X marks the spot. Let’s see what happens next.

Wednesday, April 23, 2008

Cracking Up

A couple of weeks ago, my employers took a bunch of us lowly wage slaves over to Tate Modern for lunch. The reasons for the lunch and the lunch itself are irrelevant, so let’s just skate on past that.

As we left, passing the Turbine Hall and the current installation, Doris Salcedo’s Shibboleth (better known to almost everyone as “the crack in the floor”), we all paused to have a good long look. Very impressive, but its impact was diminished by the fact that sections of the crack were covered up with duct tape and plastic sheeting.

Everyone else came out with the bog-standard pedestrian responses of “But it’s just a crack!” and “Why have they done that?” or “I don’t get it.” But then they didn’t try. They just saw a crack in the floor and nothing else.

I tried to argue that the reason that I liked it is that is was, simultaneously, an actual crack and the illusion of a crack.

This just got me a lot of blank stares. So I tried to explain it to them like this:

In an old Road Runner cartoon, Wile E. Coyote got a tub of black paint and with it painted a fake road and then a fake tunnel smack dab in the middle of a large boulder, with the intention that the Road Runner would slam straight into the side of that boulder.

Seconds later, the Road Runner comes beep beeping along, roaring past the coyote and goes straight through the “tunnel” effortlessly, as if it were actually there. Puzzled, the coyote tries it himself and, sure enough, he slams straight into the boulder because, of course, the tunnel isn’t really there.

I was quite pleased with this explanation, but now there was a smattering of confused laughter accompanying the vacant faces. Oh well – I try to open their eyes and yet they are still blind.

And I know that the artist’s intentions may be vastly different from what I get out of it, but that’s the thing about art.
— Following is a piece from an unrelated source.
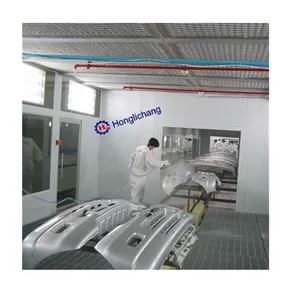 Bumper Paint Booth and Painting Machine for Paint Line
Once you hurl it out into the world, it belongs to everybody who experiences it in any way that they see fit.

There have been various attempts to discover just how they put this crack in the floor of the Turbine Hall. Builders and architects have a number of theories, whilst many of them admit that they don’t quite know. Any one of those theories may be correct. Or none of them. But I think to explain it would take something away from it, like debunking a brilliant magic trick, or pulling back the curtain to reveal that the Wizard of Oz is just a befuddled old huckster from Kansas. Not knowing is part of the whole thing.
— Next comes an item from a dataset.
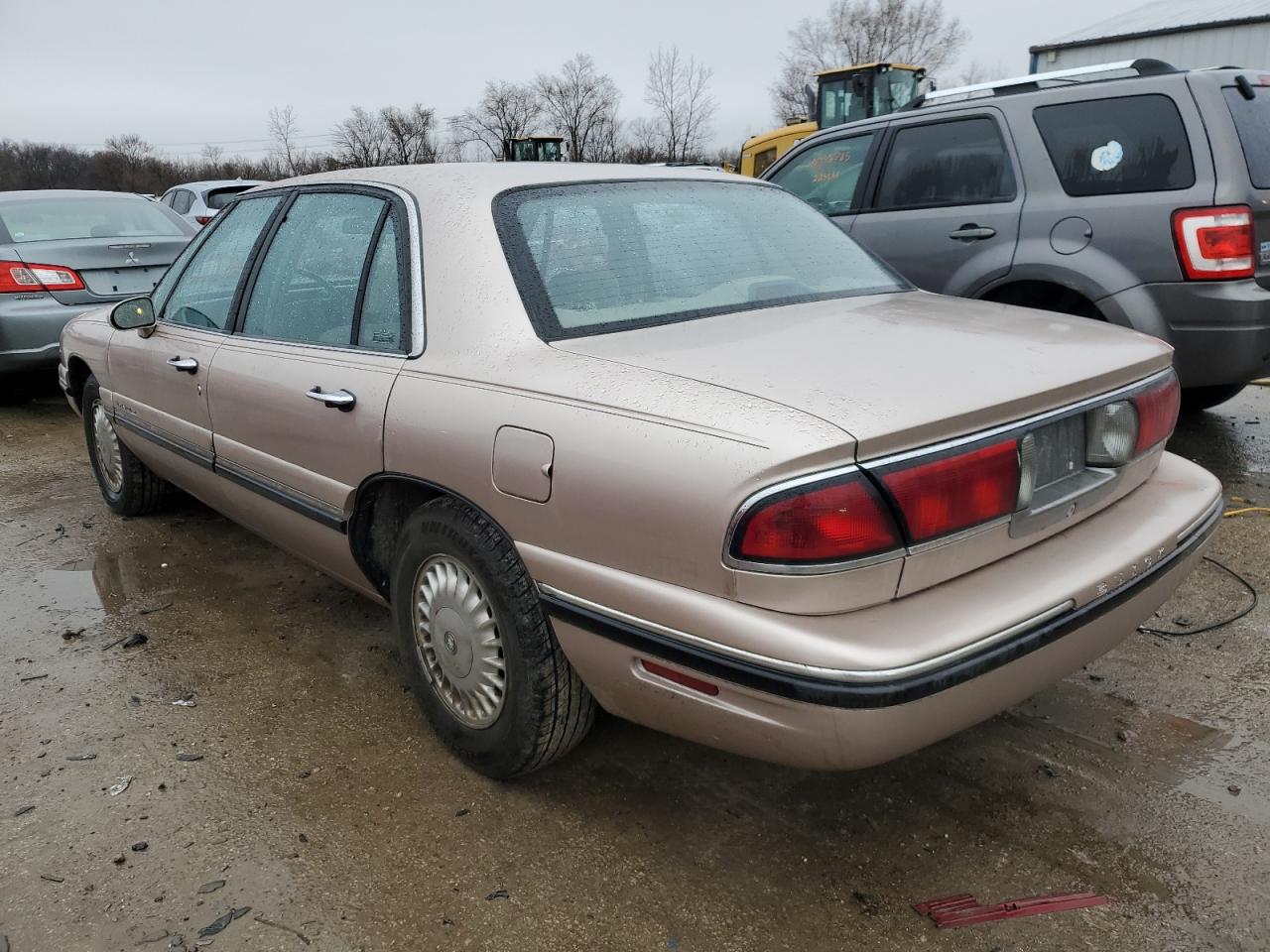 1999 Buick LeSabre VIN 1G4HP52K7XH432814 Copart auction photo, side damage thumbnail 2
But only a part of it. The other part is this: some days you’re the coyote and some days you’re the road runner. You can be both. And there ain’t nothing wrong with that.

Beep beep!

Sunday, April 13, 2008

My Life Online

So, despite the fact that Sucker Punch occasionally goes a bit quiet now and then, that doesn't mean I'm not a chatty bastard elsewhere on the web. I can prove it too. AND I can tell you about my new blog. Oh yes. Keep reading...
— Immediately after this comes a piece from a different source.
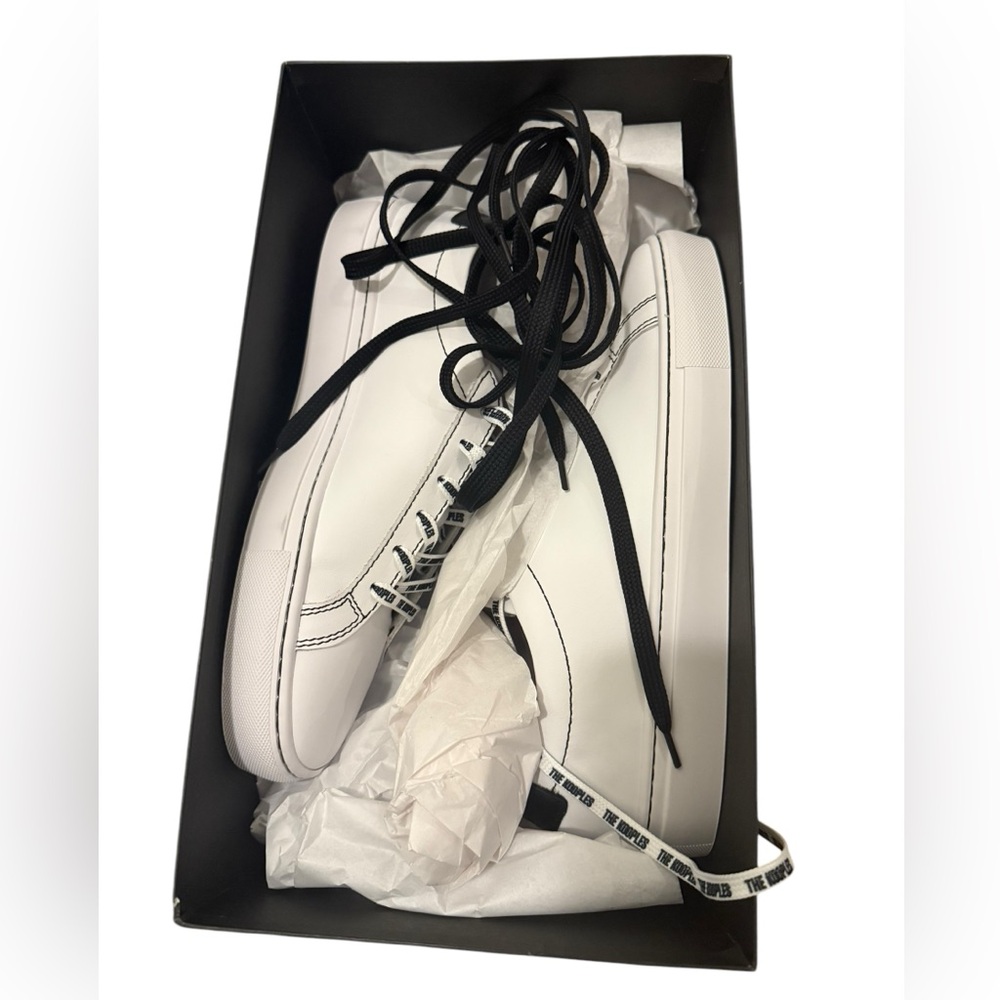 The Kooples - White Classic Sneakers New in Box - Picture 4 of 6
Here is where I can be found online in 2008:

Sucker Punch - Where it all began, and what you are looking at right now. The hub of all my online activities, my first Internet baby, and it's going to be four years old in about a week. And in Internet years, that is freaking ancient. This is the place for thinking out loud, chatting shit, random snapshots of my life, my preoccupations, and the inside of my messy head. Reassuringly inconsistent, just like me.

Last.fm - The sounds that fill my earholes are catalogued right here. Music is integral to my life, and especially important when I need to block-out any bullshit that may invade my headspace at any given time. This happens more often than you would think.

Flickr - I'm including this purely for completist's sake. My Flickr page is pretty pathetic. I keep promising myself that I'll upload more interesting photos, but it's largely just shots snapped from my camera phone. I need to buy a new camera, and then I need to remember to carry it around with me, and then I need to remember to upload the photos. I'll get there in the end.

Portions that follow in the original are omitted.